WHAT YOU ARE ASKED TO DO:
Please restate the data below word for word, omitting all images.

SUPPLIED DATA:

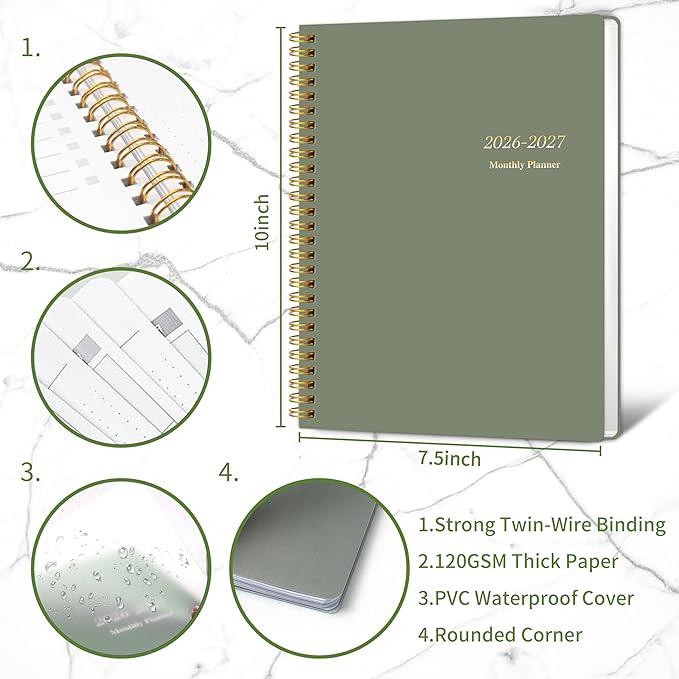Monthly Planner 2026-2027, Jan 2026 - Dec 2027, 2 Year Calendar 2026-2027 Monthly Planner, 7.5" x 10", 24 month Calendar With Goals To Do List, Habit Tracker Suitable for Schools & Offices & Home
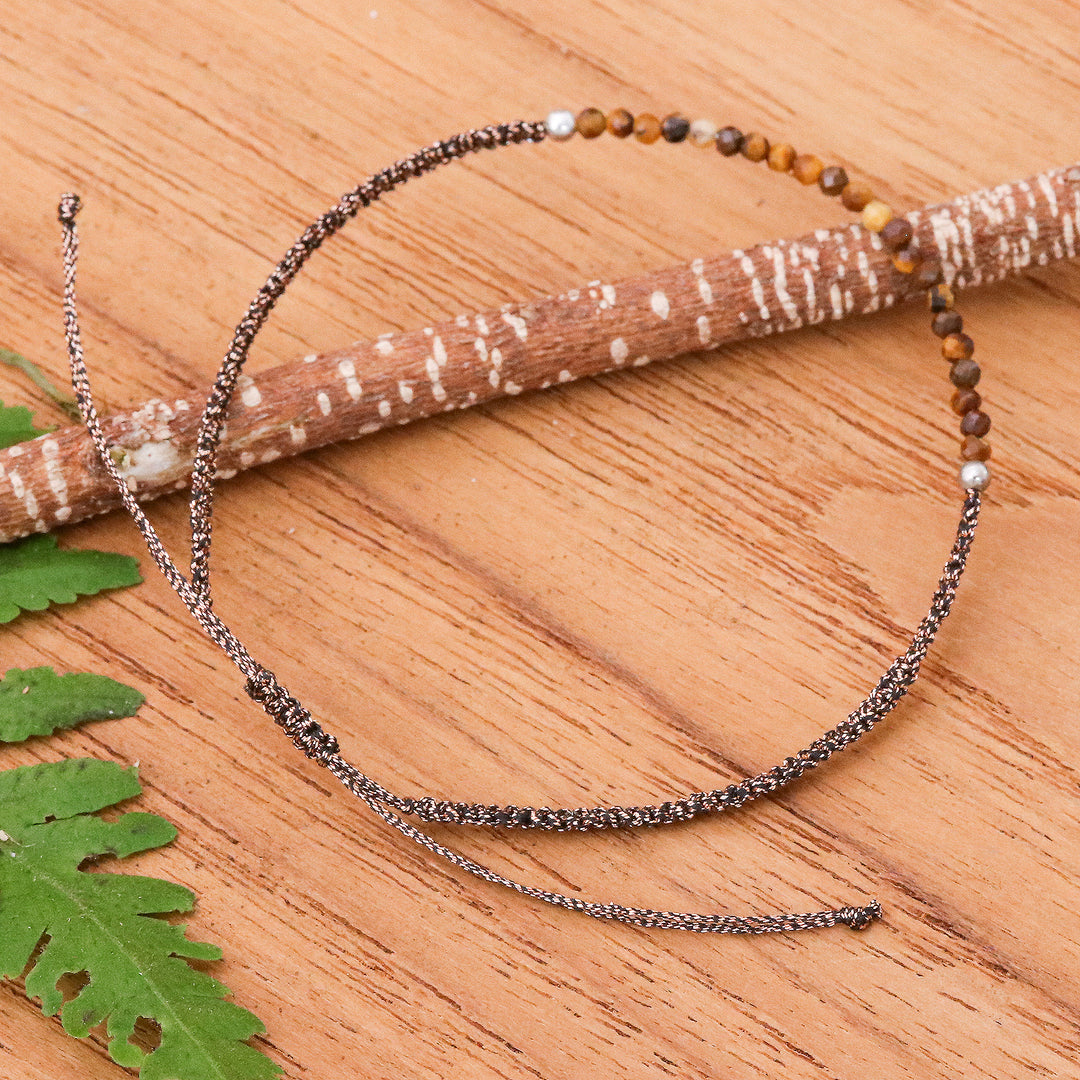 Tiger's Eye Pendant Bracelet with Patterned Macrame Cord - Warm Delicacy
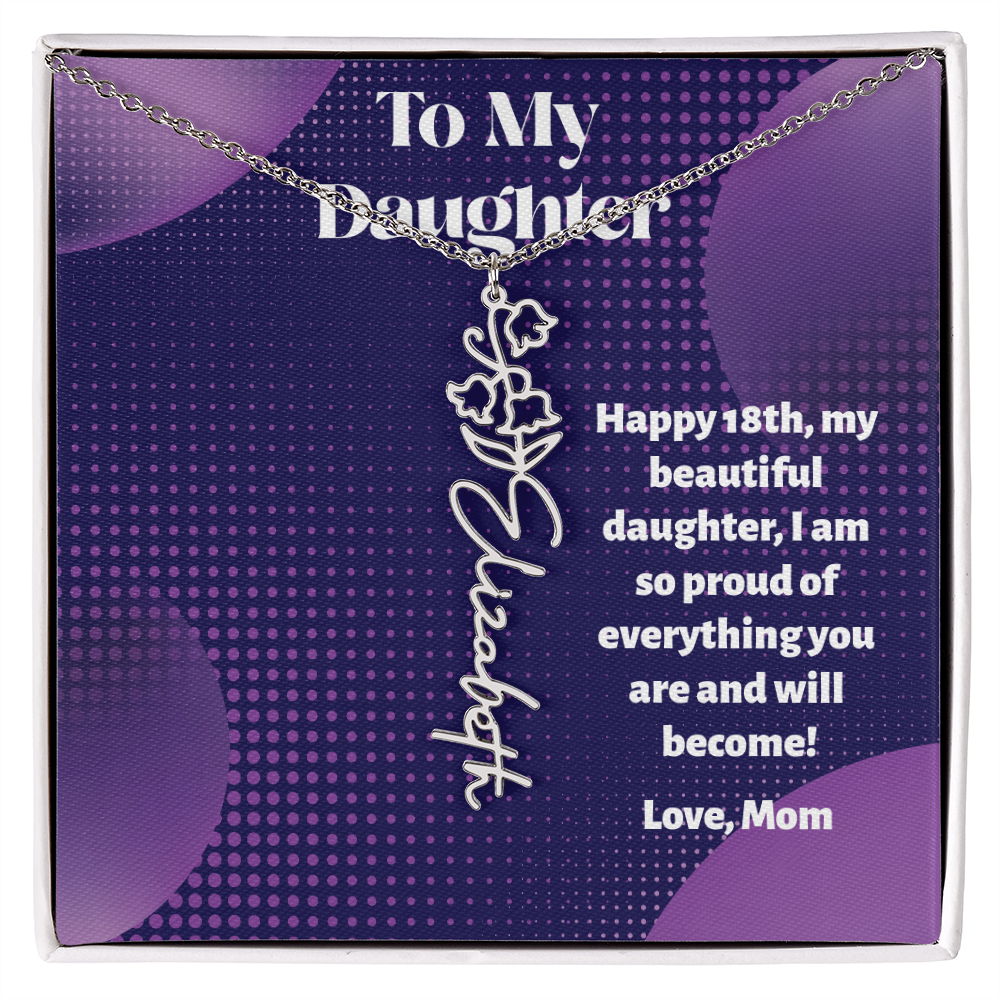 A Custom Name Necklace for Your Daughter's 18th Birthday - Milestone Moment!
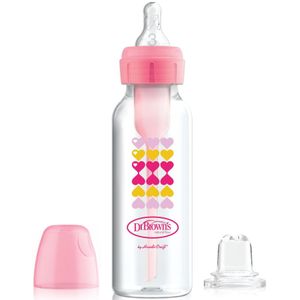 Dr Brown's Options+ Anti-colic 250 ml Smalle Hals Overgangsfles 2-in-1 Kit Roze SB8191-P3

RESPONSE TO THE EXERCISE:
Monthly Planner 2026-2027, Jan 2026 - Dec 2027, 2 Year Calendar 2026-2027 Monthly Planner, 7.5" x 10", 24 month Calendar With Goals To Do List, Habit Tracker Suitable for Schools & Offices & Home
 Tiger's Eye Pendant Bracelet with Patterned Macrame Cord - Warm Delicacy
 A Custom Name Necklace for Your Daughter's 18th Birthday - Milestone Moment!
 Dr Brown's Options+ Anti-colic 250 ml Smalle Hals Overgangsfles 2-in-1 Kit Roze SB8191-P3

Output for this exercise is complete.